**Description of the task:** Please repeat, from the entries that follow, the lines from the one containing "17011 N Bay Rd 216 Property Photo 12" through the one containing "4 Bedroom Property" exactly, adding nothing.

**Source material:**
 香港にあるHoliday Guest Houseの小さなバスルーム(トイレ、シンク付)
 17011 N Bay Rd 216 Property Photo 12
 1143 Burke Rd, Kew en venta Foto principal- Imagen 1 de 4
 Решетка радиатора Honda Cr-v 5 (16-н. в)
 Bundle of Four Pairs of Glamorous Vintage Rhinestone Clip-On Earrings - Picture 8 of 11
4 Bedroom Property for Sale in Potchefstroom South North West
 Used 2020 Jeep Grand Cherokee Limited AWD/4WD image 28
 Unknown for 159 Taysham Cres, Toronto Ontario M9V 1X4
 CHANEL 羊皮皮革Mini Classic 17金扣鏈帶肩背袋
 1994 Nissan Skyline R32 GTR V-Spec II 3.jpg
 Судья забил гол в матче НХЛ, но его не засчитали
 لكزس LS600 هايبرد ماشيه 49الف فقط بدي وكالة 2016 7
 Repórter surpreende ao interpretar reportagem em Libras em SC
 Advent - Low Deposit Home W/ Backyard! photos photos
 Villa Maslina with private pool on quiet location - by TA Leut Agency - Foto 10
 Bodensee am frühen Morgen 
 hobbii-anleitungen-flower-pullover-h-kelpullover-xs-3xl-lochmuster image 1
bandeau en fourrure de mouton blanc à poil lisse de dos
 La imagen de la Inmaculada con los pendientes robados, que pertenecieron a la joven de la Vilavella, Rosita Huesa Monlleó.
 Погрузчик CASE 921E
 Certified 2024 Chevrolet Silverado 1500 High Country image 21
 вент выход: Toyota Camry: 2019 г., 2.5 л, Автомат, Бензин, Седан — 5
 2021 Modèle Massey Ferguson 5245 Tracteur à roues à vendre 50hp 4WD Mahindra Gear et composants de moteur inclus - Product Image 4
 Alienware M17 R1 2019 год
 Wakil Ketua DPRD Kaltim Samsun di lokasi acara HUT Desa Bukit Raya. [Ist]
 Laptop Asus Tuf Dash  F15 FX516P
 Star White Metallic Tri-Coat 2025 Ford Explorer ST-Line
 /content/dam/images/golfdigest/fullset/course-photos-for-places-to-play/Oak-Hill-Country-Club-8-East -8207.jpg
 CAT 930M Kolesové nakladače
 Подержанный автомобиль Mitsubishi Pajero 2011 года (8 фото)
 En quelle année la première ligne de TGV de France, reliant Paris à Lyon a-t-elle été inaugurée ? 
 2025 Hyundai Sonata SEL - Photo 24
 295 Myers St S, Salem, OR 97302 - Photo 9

**Your solution:**
 17011 N Bay Rd 216 Property Photo 12
 1143 Burke Rd, Kew en venta Foto principal- Imagen 1 de 4
 Решетка радиатора Honda Cr-v 5 (16-н. в)
 Bundle of Four Pairs of Glamorous Vintage Rhinestone Clip-On Earrings - Picture 8 of 11
4 Bedroom Property for Sale in Potchefstroom South North West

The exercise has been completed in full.